でなきゃ…。結衣菜の好きな俺じゃなくなる…。
「サッカー」と「最愛の彼女」によって。
せっかく碌な家族の支えなしでも、ここまでやってこれたわけだが……。
絶対どうにかしなくちゃいけない……。
できないなら……、さすがにそれまでだから。
▽
「和也!!今回はサッカーの試合観たら?ブラジル戦だし、連絡とってたのに喜ぶと思うよ?」
声の印象は明るく、今は誰も並んで居ないカウンターの側で話しかけてきたのは……、
今の彼女である・・・『香椎比奈』。
確かに――、最近。俺は前の彼女の結衣菜の誘いもあって、それなりの金を借りようした身…。
ただ……。
「いや……、結衣菜のこととか。正直あんまり思い出したくないんだけど?」
今じゃ、アルバイトでネットカフェの店員として3年目の俺がサッカーに戻ろうものなら金がいる。
入学金と生活費…、ざっと見積もっても300万くらいは貸せれたらな――。
「比奈には多少の我儘になるが、」サッカーへの未練からオファーにのる条件をだしたが・・・。

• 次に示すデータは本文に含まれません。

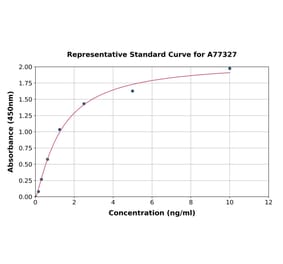 Standard Curve - Human SIRT4 ELISA Kit (A77327) - Antibodies.com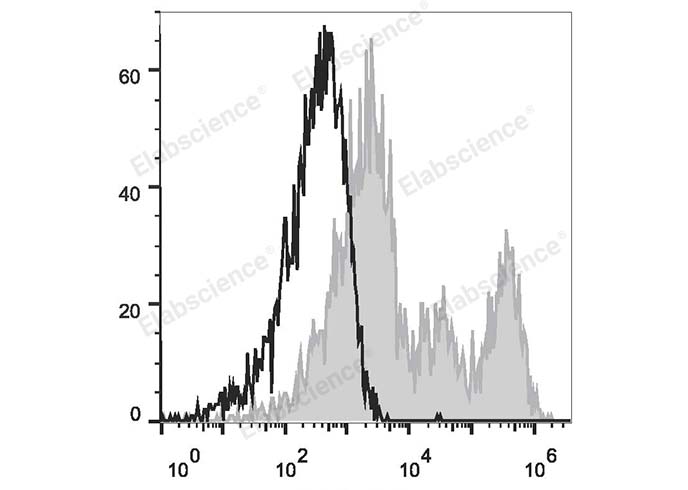 APC Anti-Human CD32 Antibody[IV-3] - 1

「ごめん……。代表の監督にキツく反対されてしまって出来なくなった――。」
そっちから誘ったじゃん…!とはなったが
文句を言えなかったのは、俺の家の両親の
特に義父が猛反対だったからだ…。
結衣菜は年棒で1000万も稼ぐようになったし、俺の実力なら。もっと借りても返せる自信しかお互いなかったはずだが――。
……2週間前までずっとフリーで待ってたって話
やらなければよかったな…。
母親が聞きそうで、知ってそうな解答を先に
素直に伝えておいただけだが。
あんなに泣きそうに謝るくらいだったから、
ヨリが戻る確率がゼロじゃなかったのは、――本当の話だったし、特に何も言わなかったが。
スタスタ……。
同じカウンターに2人も要らないため、
漫画の整理をやりに、
俺のほうが移動するのがお客様のための無駄なルールだが、
俺も――、新聞記事に名を連ねる。
元親友たちの活躍に興味が沸く自分がいるのは事実
であるが故に思い悩む――。
「許さなきゃなんねぇのかな……。」
漫画が沢山並べられている。黒いカゴへと近づいては――、本の束を手にとって並べ始める……。
龍の日本代表での試合には、
正直興味が沸くが――、
高校当時の事故を未だ許せていないから、観るのが癪だし、サッカーがまたやりたいと思う感情はしばらく無しにしたいという本音もある……。
(これは、こっちか……。)
比奈の年齢が22歳だし…、そろそろ結婚しようと考えていた手前だ……。
捨てた人間関係の修復をはかるべきかは考えてはいたが……、
「アー○ナルか……。」
かつてのライバルが、今現在プレミアリーグで2位を走るチームの主軸である。
どうしよっかな……ぁぁ。
次戦がブラジル戦なのも強敵だし。仲良しだった
あの頃の思い出もあるしで、気になる……。
一生の友であり、終生のライバル。高校のときには一連托生にまでなったと思った男が、
今じゃ、アジアNO.1を競うスーパーストライカーである。
……本棚の間にある黒いカゴから、漫画の束を再び抜きとり、隣の棚まで移動する・・・。
国際試合だし、アピールも兼ねて。間違いなく大事な試合になるはずだと思うんだよな…。
と――、そうこう迷うが……。
『どうせ――、、2日後だもんな……。』